Figure 1.  Axial CT scan of the chest with IV contrast showing a large anterior mediastinal soft-tissue mass measuring approximately 6.5 x 4.5 cm (depicted by white arrow).

He was admitted and a fine needle aspirate of the right supraclavicular lymph node revealed large atypical cells consistent with either Hodgkin lymphoma or large-cell non-Hodgkin lymphoma. A bone marrow biopsy was performed and was negative for lymphoma. A percutaneous liver biopsy revealed that roughly two-thirds of the portal tracts contained bile ducts that were either obliterated or significantly injured (Figure 2). Only mild patchy intrahepatic cholestasis was identified. No atypical cells suggestive of lymphoma or Reed-Sternberg cells were identified. Copper and iron stains were negative. The PAS-D stain showed no evidence of alpha-1 antitrypsin inclusions. The pathologic interpretation was bile duct loss with ongoing biliary injury consistent with VBDS.

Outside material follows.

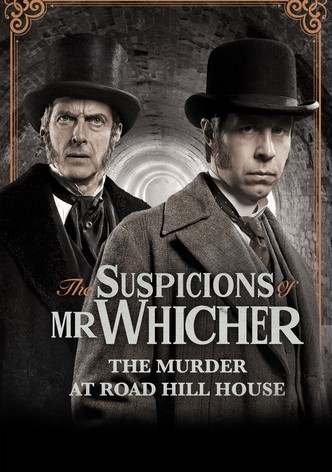 The Murder at Road Hill House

Figure 2.  Liver biopsy, photographs taken of Masson trichrome-stained slides at 100× original magnification. 2a) Bile duct injury: this photograph shows a complete portal triad demonstrating bile duct injury. The bile duct (arrow) shows distortion of the duct with loss of nuclei. In this injured duct, only two nuclei remain. The hepatic artery branch is just above the duct cross section. 2b) Bile duct loss: this photograph shows an artery that is similar in appearance to the artery in Figure 2a (it is the structure in the middle of the portal tract in both cases). But, in contrast to the other photo, there is no bile duct cross-section in this portal tract, representing destruction of the bile duct.

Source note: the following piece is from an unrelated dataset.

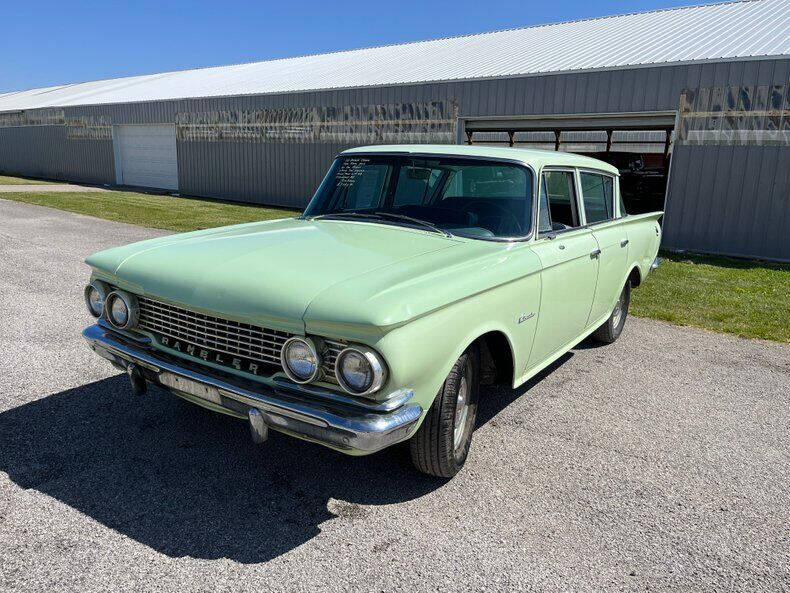 Rambler Car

Given the patient's severe liver dysfunction, he was initially treated with cyclophosphamide 800 mg/m² on day 1 and dexamethasone 40 mg/day on days 1–4, and then continued on oral prednisone, 50 mg daily. He was discharged from the hospital and referred to the radiation oncology department as further chemotherapy was not considered feasible in light of his persistently abnormal liver function.

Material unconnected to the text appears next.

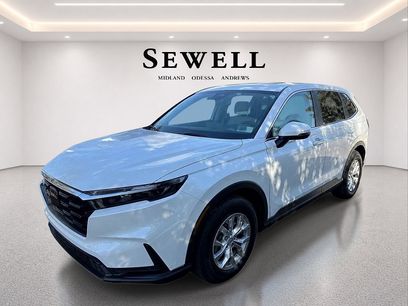 Used 2025 Honda CR-V LX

Upon evaluation in the radiation oncology department 24 days after presentation, it was noted that his supraclavicular lymphadenopathy had resolved and his total bilirubin decreased to 14.2 mg/dL. To definitively classify his lymphoma, he was referred for a Chamberlain procedure to biopsy his persistently enlarged mediastinal mass. Pathology revealed mononuclear atypical cells, with irregularly-shaped nuclei and single, prominent nucleoli that were positive for CD15 and CD30, and negative for CD20, CD3, and CD 45, consistent with nodular sclerosis Hodgkin lymphoma. Given the supraclavicular and mediastinal sites of involvement, he was staged as IIA.

He was treated with definitive radiotherapy alone using 3D conformal CT-based treatment planning, with treatment initiated 6 weeks after presentation. A standard mantle field was treated to 30.6 Gy with a boost of 9 Gy given to gross disease in standard fractionation (total dose 39.6 Gy). A para-aortic/spleen field was subsequently treated to 30.6 Gy (the liver was not within the treatment fields). Within 3 weeks of starting his mantle irradiation, his total bilirubin nearly normalized to 1.8 mg/dL. He was placed on azathioprine in September by his hepatologist, and began a prednisone taper.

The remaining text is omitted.